OYSTERHOOD is reclusiveness or solitude, or an overwhelming desire to stay at home.
Home office.
At seventy-seven days, South Africa’s lockdown is officially the longest in the world. I have a soft spot for the number 77 for personal reasons, but otherwise I am not sure whether this is something to be proud of, especially with infection rates still rising and no end or any good news in sight.
A day of endless rains. Also hail, but I did not notice it in this part of Cape Town. The dams must be filling up and that is a good thing. I might even have a bath this weekend and won’t feel too guilty about it. A hot bath and a cold beer. Mmmmm. Bliss. But not tonight. Tonight, I just need to get into my warm bed and fall asleep with the fire singing lullabies long into the stormy night.
I made the fire only in the afternoon today. In the morning, we just stayed and worked in bed, Salieri catssisting and finally falling asleep on the job. She was cross with me that I did not want to share the mouse with her.
Once I moved next to the fireplace, Glinka moved with me and I placed her favourite blanket under my small desk for her. She is still settled here as I write, her body glowing with warmth on the side of the fire.
A day of rain and continued work on the text I started proofreading yesterday, with admin emails in between and some fun on Twitter. When I am not online, I play cards on my computer to air my brain. Online, I tweet.

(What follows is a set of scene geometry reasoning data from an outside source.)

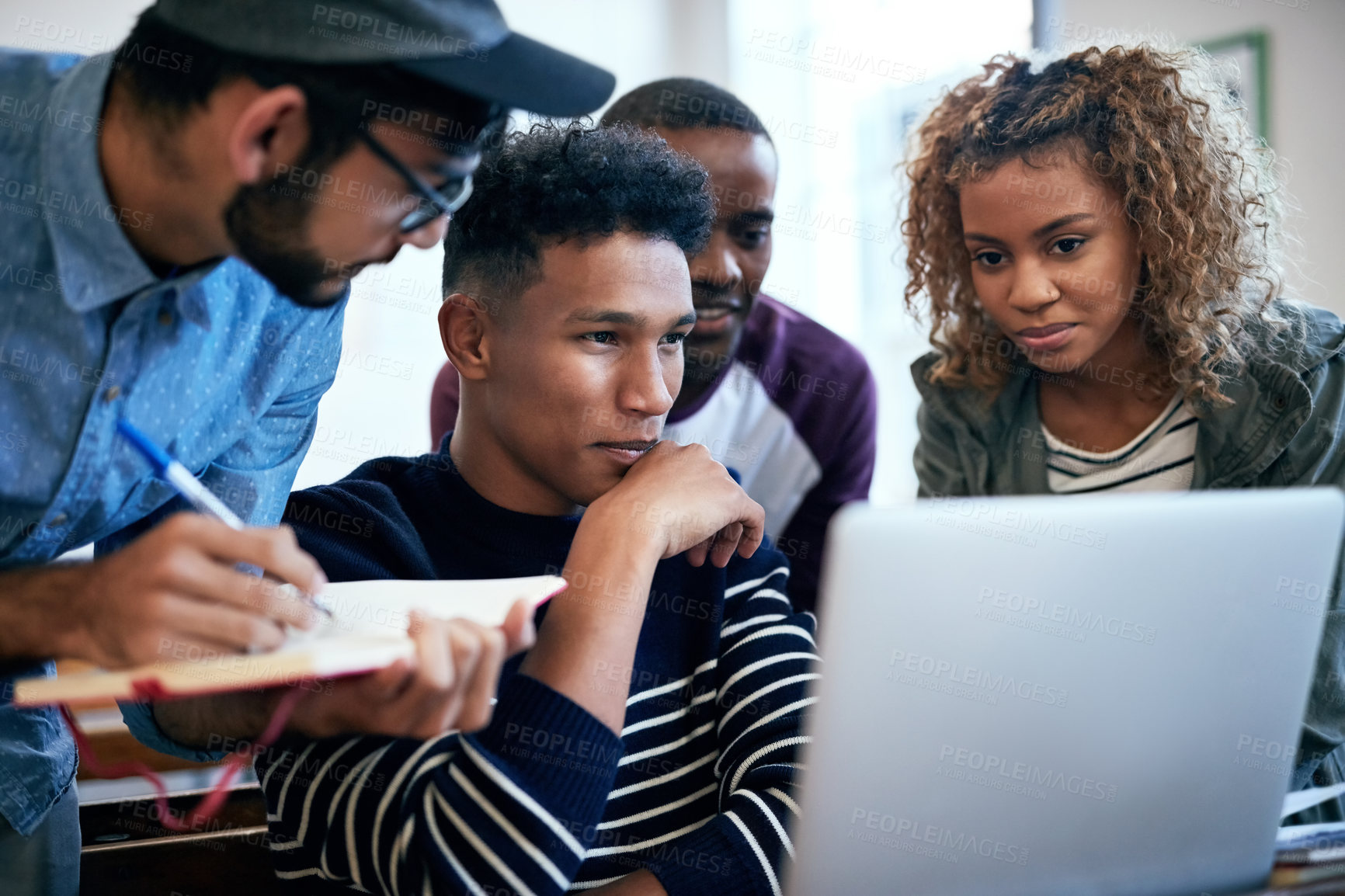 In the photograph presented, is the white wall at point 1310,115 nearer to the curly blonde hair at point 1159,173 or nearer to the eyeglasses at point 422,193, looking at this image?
the curly blonde hair at point 1159,173

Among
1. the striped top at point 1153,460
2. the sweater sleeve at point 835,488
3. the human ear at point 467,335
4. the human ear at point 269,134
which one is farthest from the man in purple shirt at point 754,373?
the human ear at point 269,134

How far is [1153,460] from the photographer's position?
5.53 feet

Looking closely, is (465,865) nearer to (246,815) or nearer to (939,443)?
(246,815)

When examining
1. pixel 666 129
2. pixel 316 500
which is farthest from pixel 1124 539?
pixel 666 129

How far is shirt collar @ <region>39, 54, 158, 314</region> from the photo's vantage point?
3.17 ft

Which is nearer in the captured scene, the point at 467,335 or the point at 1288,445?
the point at 467,335

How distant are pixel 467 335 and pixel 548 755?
58 cm

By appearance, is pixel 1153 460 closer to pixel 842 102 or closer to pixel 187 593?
pixel 187 593

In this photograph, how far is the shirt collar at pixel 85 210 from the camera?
0.97 m

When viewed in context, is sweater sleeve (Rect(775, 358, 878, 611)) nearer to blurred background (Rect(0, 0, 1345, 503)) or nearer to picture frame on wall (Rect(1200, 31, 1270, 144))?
blurred background (Rect(0, 0, 1345, 503))

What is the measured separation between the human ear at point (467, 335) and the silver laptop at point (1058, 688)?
0.69m

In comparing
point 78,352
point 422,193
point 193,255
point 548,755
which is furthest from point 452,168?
point 548,755

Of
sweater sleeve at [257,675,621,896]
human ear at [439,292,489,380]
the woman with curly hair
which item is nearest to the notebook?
sweater sleeve at [257,675,621,896]

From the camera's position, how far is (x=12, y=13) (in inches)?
149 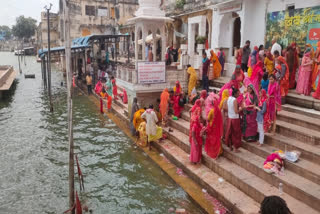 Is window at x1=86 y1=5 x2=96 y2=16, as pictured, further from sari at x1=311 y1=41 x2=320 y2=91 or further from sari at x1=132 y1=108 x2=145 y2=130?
sari at x1=311 y1=41 x2=320 y2=91

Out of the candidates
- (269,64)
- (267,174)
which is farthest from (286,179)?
(269,64)

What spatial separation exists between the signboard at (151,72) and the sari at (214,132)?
4470mm

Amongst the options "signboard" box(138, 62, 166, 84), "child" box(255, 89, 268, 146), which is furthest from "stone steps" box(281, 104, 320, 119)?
"signboard" box(138, 62, 166, 84)

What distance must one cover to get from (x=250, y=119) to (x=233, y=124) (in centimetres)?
50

I always need these little breaks to focus better throughout a long day’s work.
Reading Rebecca Solnit’s Recollections of My Non-Existence makes me want to crawl into an oyster shell and wait until all my imperfections turn into a gleaming treasure while the world outside comes to its senses. As a woman, I have lived, more or less consciously, in fear for most of my life. Like Solnit, I have not been raped, mutilated or killed, but the violations of my psyche and body over the years have left so many open wounds and scars behind, that sometimes it feels like I will never heal fully again. And I refuse to count myself lucky that no man had hung my stabbed, lifeless body up on a tree in a veld. No one – no one – should suffer such a fate. Not when they are eight months pregnant. Not ever. No one should have to live with constant fear that the integrity of their being could be violated at any moment, in unimaginable ways. But that is the world we live in. And there is no luck in that.
All this violence, and so little healing, hope.
Be kind to yourself. Be kind to others. Stay at home.
“Physical distancing remains one of the key strategies to curb this pandemic.”